Les trois kamikazes de l'aéroport d'Istanbul, saisis par des caméras de surveillance, auraient pu faire un carnage encore pire : ils avaient prévu de prendre en otage des dizaines de voyageurs avant d'actionner leurs explosifs, a rapporté vendredi un quotidien turc.

Trois jours après le triple attentat suicide qui a fait 44 morts à l'aéroport international d'Atatürk, l'attaque - la quatrième et la plus meurtrière en Turquie depuis le début de l'année - n'avait toujours pas été revendiquée mais les responsables du pays ont pointé le groupe Etat islamique (EI).

«Ils disent qu'ils font ça au nom de l'islam, mais ça n'a rien à voir avec l'islam», a lancé vendredi le président turc Recep Tayyip Erdogan. «Leur place est en enfer».

Des images extraites des caméras de surveillance de l'aéroport montrent trois hommes portant des vestes de couleur sombre. Sur l'une des captures d'écran, on peut apercevoir un policier en civil qui demande à l'un des assaillants ses papiers d'identité, puis il est agenouillé et menacé par une arme à feu.

Selon le quotidien Sabah, proche du gouvernement, le bilan du carnage aurait pu être encore plus élevé si les assaillants n'avaient pas été interceptés car ils voulaient à l'origine prendre des dizaines de passagers en otage pour se faire sauter avec eux.

«Ennemi numéro 1»

Vendredi, des diplomates d'une douzaine de pays, vêtus de noir, ont rendu hommage aux victimes de l'attentat à l'aéroport Atatürk.

«Le terrorisme frappe aussi ici, dans un pays majoritairement musulman», a déclaré à l'AFP Henri Vantieghem, consul général de Belgique, autre pays frappé par le terrorisme. «Tout ce qui touche la Turquie touche les pays européens», a-t-il ajouté.

Dans le cadre de l'enquête, la police a arrêté 24 personnes à Istanbul (13 jeudi et 11 vendredi), dont 15 étrangers, selon des sources de sécurité citées par l'agence de presse progouvernementale Anadolu. Neuf autres personnes ont été arrêtées dans la province occidentale d'Izmir mais leur lien avec l'attentat n'a pas pu être confirmé.

Les autorités ont affirmé que les kamikazes étaient un Russe, un Ouzbek et un Kirghiz tandis que l'agence Anadolu, elle, avançait les noms de Rakim Bulgarov and Vadim Osmanov, sans préciser leur nationalité.

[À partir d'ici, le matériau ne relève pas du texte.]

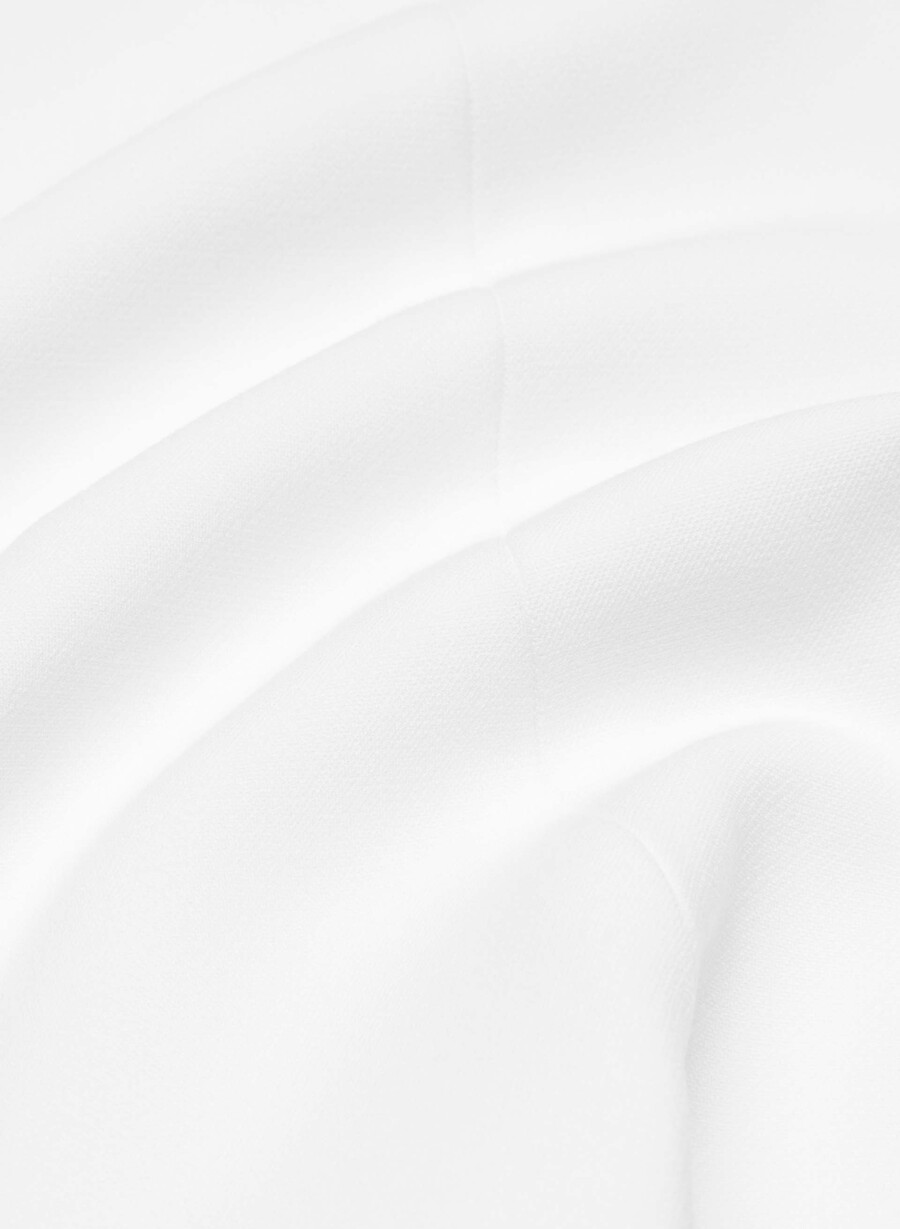 envoy kleid - reessential white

Les ex-républiques soviétiques d'Asie centrale font partie des plus importants fournisseurs de djihadistes en Syrie et en Irak. Près de 7000 ressortissants de Russie et des ex-républiques soviétiques, dont celles d'Asie centrale, combattent au sein de l'EI, a affirmé le président russe Vladimir Poutine.

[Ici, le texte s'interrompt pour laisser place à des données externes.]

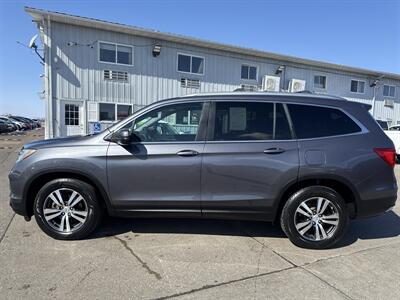 2016 Honda Pilot EX-L w/Honda Sensing   - Photo 3 - South Sioux City, NE 68776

Des médias turcs ont identifié un Tchétchène du nom d'Akhmed Tchataïev comme le cerveau de l'attentat de l'aéroport. Il serait le chef de l'EI à Istanbul et aurait également organisé les attaques près de Taksim (en mars) et Sultanahmet (janvier), au coeur d'Istanbul, selon le quotidien Hürriyet.

Pour Michael McCaul, président de la Commission de la Sécurité intérieure à la Chambre des représentants américaine, Chataïev est «probablement l'ennemi numéro un dans la région russe du Caucase du Nord. (...) Il a effectué plusieurs voyages en Syrie et est devenu l'un des hauts commandants du ministère de la Guerre de l'EI», a-t-il dit à la chaîne CNN.

Odeurs chimiques

Selon Hürriyet, les trois assaillants avaient loué un appartement dans le quartier stambouliote de Fatih, densément peuplé de Syriens, Palestiniens, Libanais et Jordaniens, payant une avance de 24 000 livres turques (10 000 $) pour un an.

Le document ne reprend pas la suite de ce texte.